Cependant l’équilibre entre vie spirituelle et vie de travail se révèle très difficile et très fragile, indépendamment des tentations de la paresse ou de la richesse acquise par le travail, et cela de tout temps… Quelle part juste donner à l’otium, le repos spirituel, en faveur de l’opus, le travail pour que toutes les tâches restent subordonnées à la recherche de Dieu ? Dans la vie du moine, il s’agit de considérer la valeur du repos et celle du travail.

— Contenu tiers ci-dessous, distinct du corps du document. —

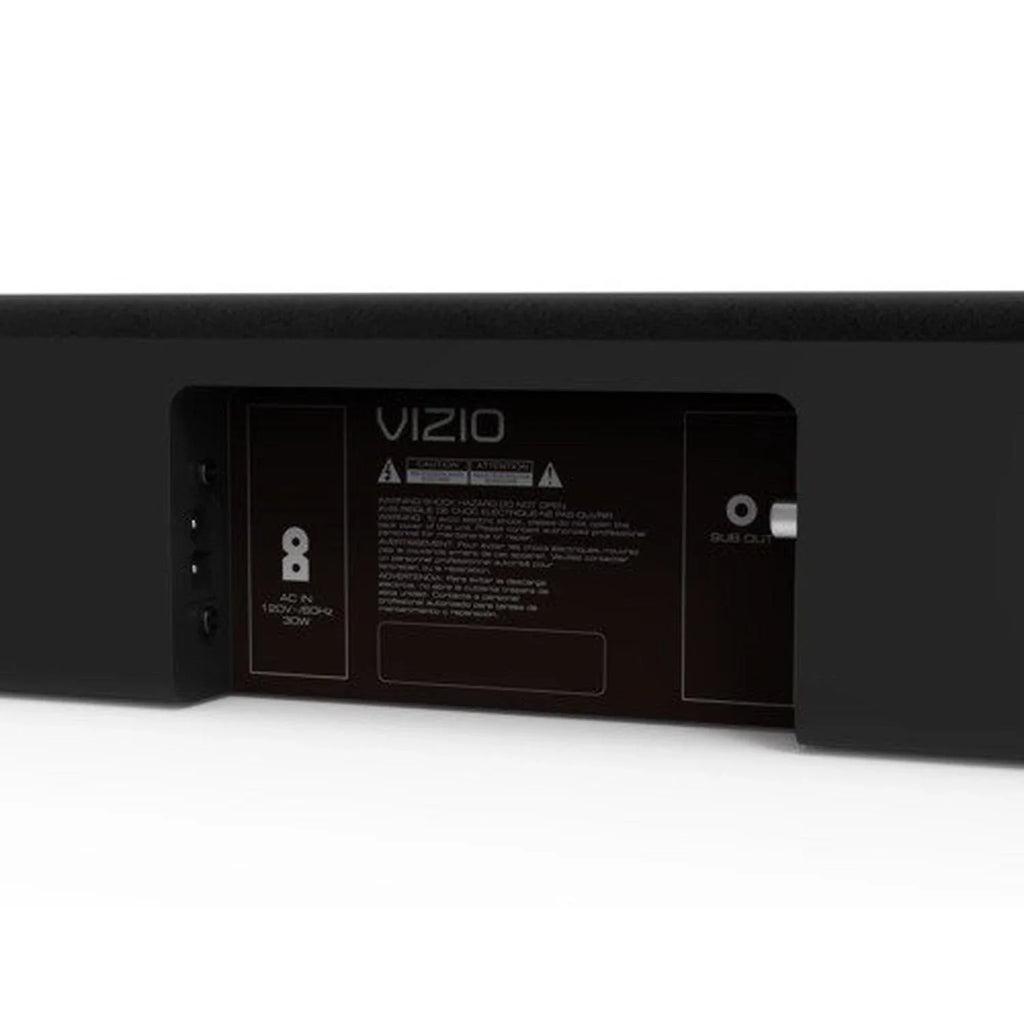 (Manufacturer Recertified) Channel VIZIO Sound 2.0 38-Inch Bar SB3820-C6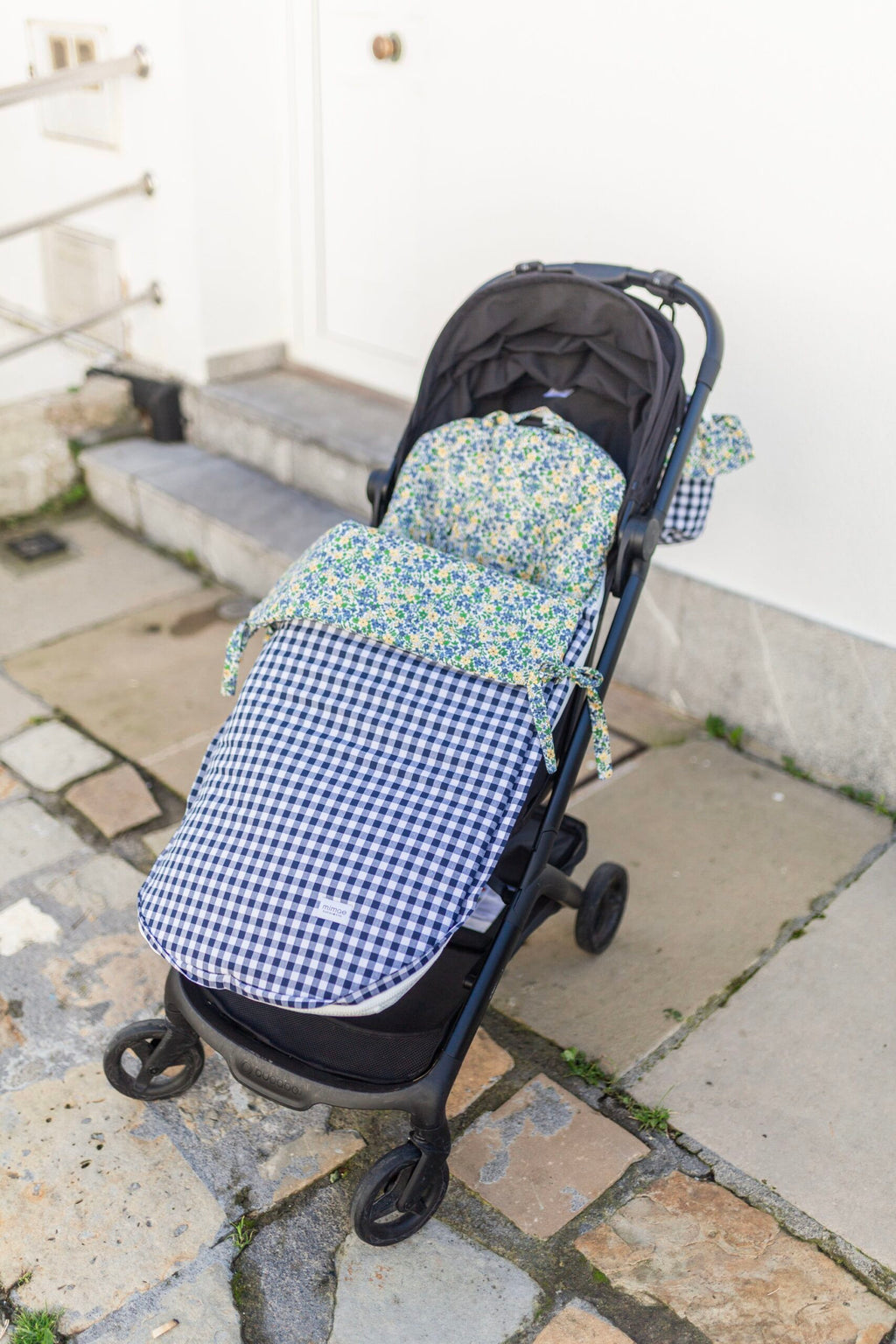 Saco universal Leo&vichy navy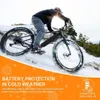 2er Set E-Bike Akku Schutzhulle 30-38 cm Neopren Akku Produktbild-Vorschau 5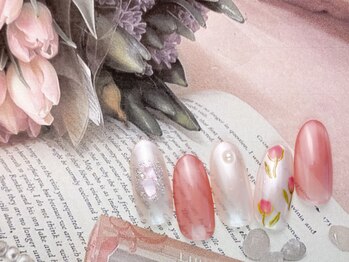 ムスビ(musubi)/5月　定額トレンドデザイン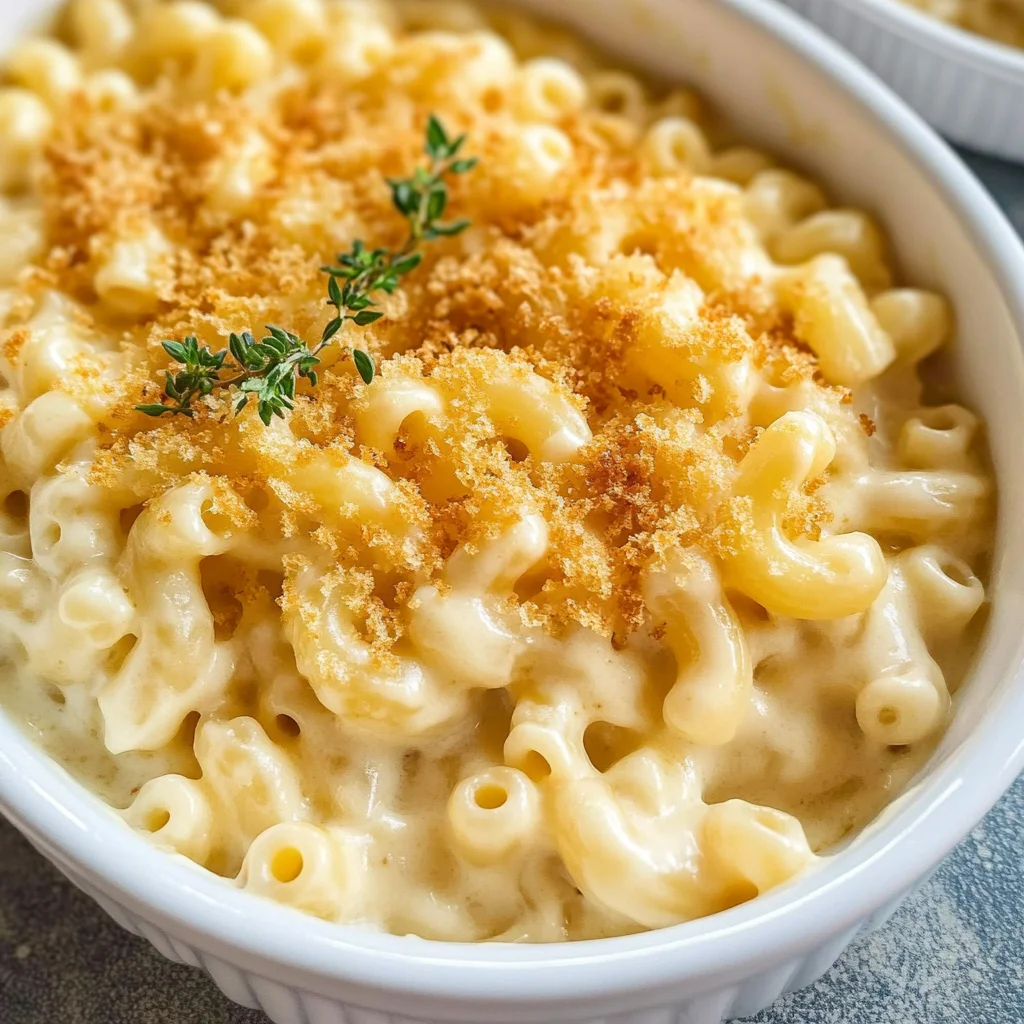 Mac and Cheese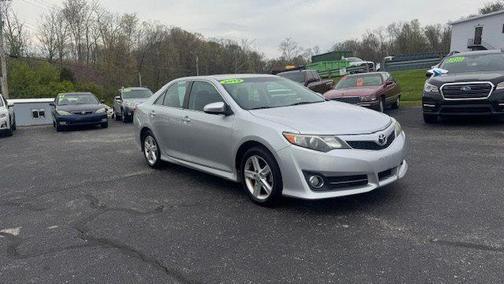 2013 Toyota Camry SE
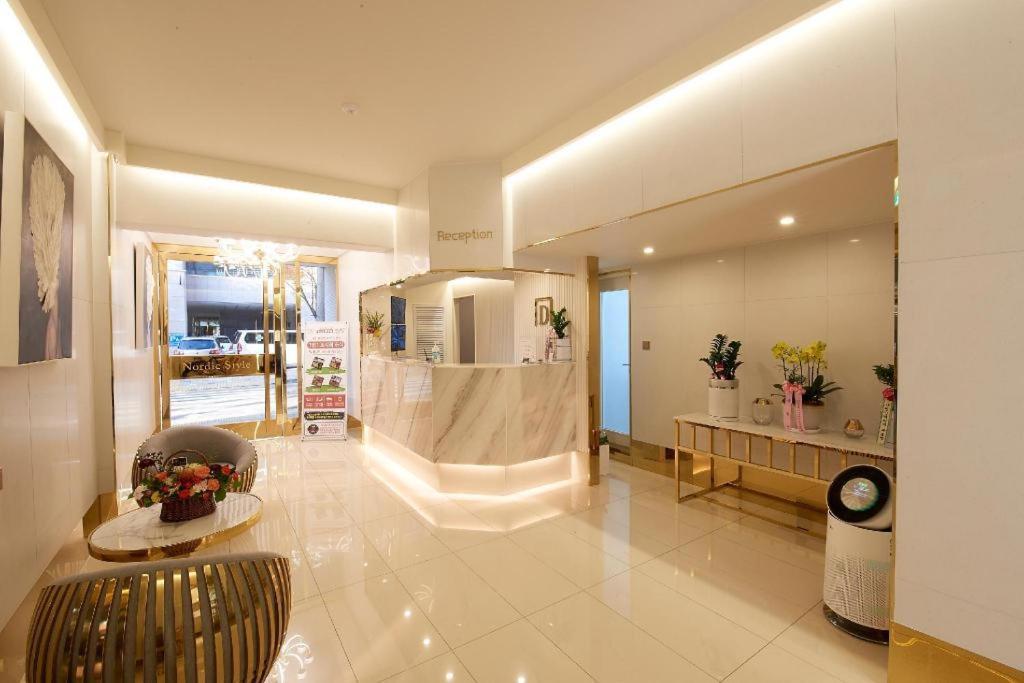 Denbasta Khách sạn Busan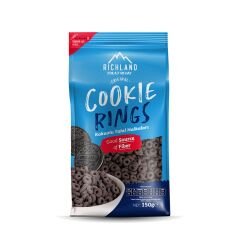 RICHLAND COOKIE RINGS 150GR
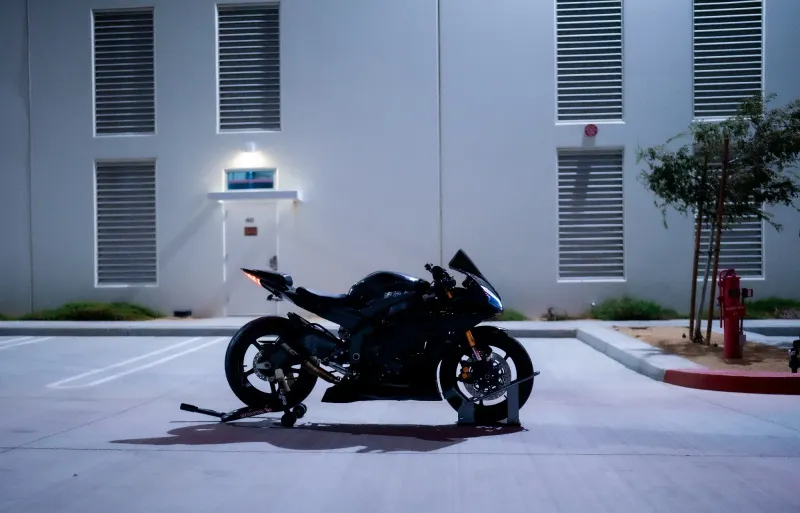 Motorcycle Photography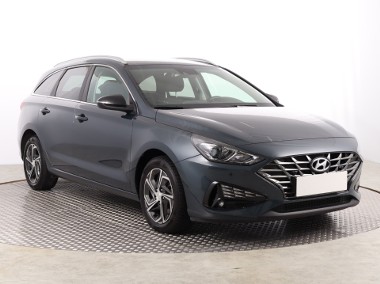 Hyundai i30 II , Salon Polska, 1. Właściciel, Serwis ASO, Automat, VAT 23%,-1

Le labor manuum est pénitence, chemin de « conversion de mœurs » tandis que l’otium relativise le caractère d’utilité et de nécessités naturelles.

Le travail : un moyen pour aimer
Pour Isaac de l’Etoile, l’activité pénible rend possible l’exercice personnel de la charité car toute activité est un service qui ne peut rendre indifférent aux autres, aux soucis du monde. Pour lui, le travail est une ascèse sociale. En effet, il nous apprend à vivre avec les autres. La vita communis, ou vie de communauté, chez lui comme chez saint Bernard, ce n’est pas la « vie en communauté » mais « la vie du commun des hommes d’un milieu déterminé ». C’est en ce sens qu’il définit le travail du moine cistercien ainsi : le travail est manuel, pénible, dur, « operosius » ; le moine travaille pour gagner son pain et donner aux indigents. Le travail se vit en silence pour éviter le bavardage qui déverse l’homme hors de lui-même, le disperse, le bavardage étant le contraire du recueillement qui fait « habiter avec soi-même ». Le silence est la condition et le signe de l’intériorité, d’union à Dieu. Le travail est accompli dans l’obéissance, la soumission à un supérieur afin d’imiter le Christ. Le moine travaille en retrait du monde et avec d’autres frères parce qu’il ne lui est pas bon d’être seul, et qu’il a besoin des autres. Le travail est un signe de véritable pauvreté car la pauvreté, c’est le fait de mettre en commun tout ce que chacun peut avoir, et si le moine travaille beaucoup, ce n’est pas pour amasser et s’enrichir mais pour donner beaucoup.

Toutes ces considérations nous offrent une palette d’orientation pour vivre autrement notre rapport au travail et aux autres. Vécu comme un service, comme un chemin de conversion, comme un don et une grâce de Dieu, le travail fait bel et bien partie de la vie spirituelle et il est un moyen pour garder le contact avec Dieu et vivre en communion avec les autres.